#### Data below
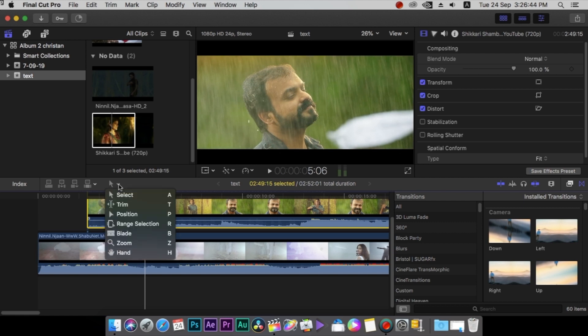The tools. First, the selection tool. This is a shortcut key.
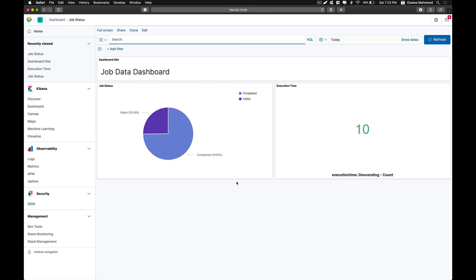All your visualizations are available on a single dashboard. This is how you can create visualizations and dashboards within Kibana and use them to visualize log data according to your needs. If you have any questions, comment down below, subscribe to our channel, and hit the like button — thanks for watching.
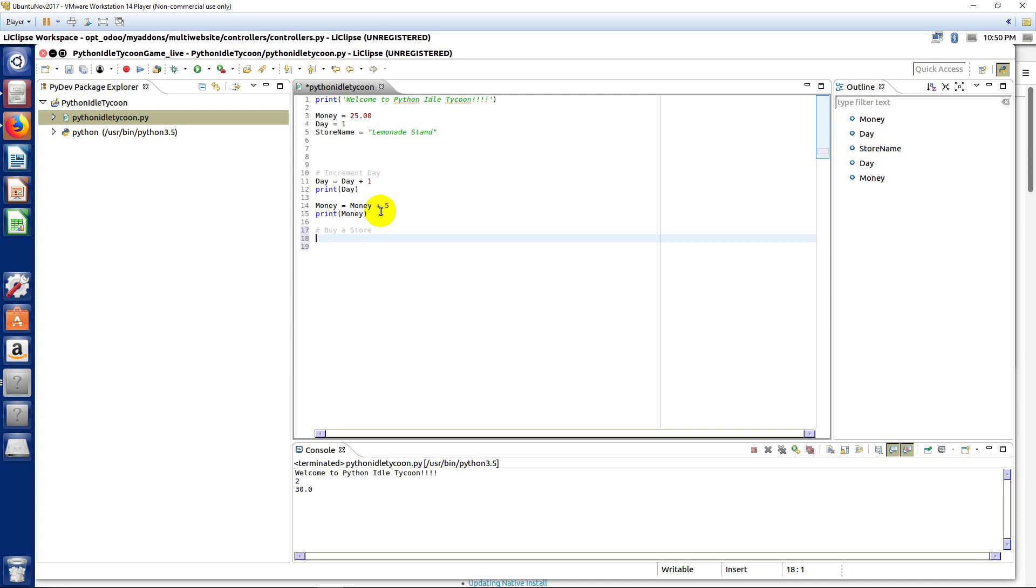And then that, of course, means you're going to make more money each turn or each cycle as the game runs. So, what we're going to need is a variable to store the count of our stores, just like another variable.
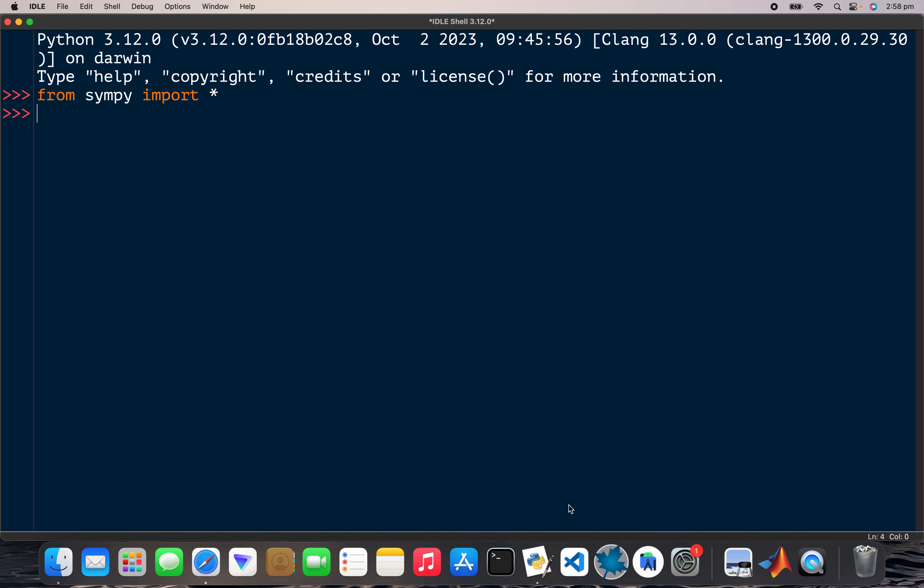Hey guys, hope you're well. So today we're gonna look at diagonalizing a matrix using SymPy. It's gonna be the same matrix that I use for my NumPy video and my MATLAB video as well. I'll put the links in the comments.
########
_What you should do_
Apart from the images, retype the full material exactly as written.

_Output_
The tools. First, the selection tool. This is a shortcut key.
All your visualizations are available on a single dashboard. This is how you can create visualizations and dashboards within Kibana and use them to visualize log data according to your needs. If you have any questions, comment down below, subscribe to our channel, and hit the like button — thanks for watching.
And then that, of course, means you're going to make more money each turn or each cycle as the game runs. So, what we're going to need is a variable to store the count of our stores, just like another variable.
Hey guys, hope you're well. So today we're gonna look at diagonalizing a matrix using SymPy. It's gonna be the same matrix that I use for my NumPy video and my MATLAB video as well. I'll put the links in the comments.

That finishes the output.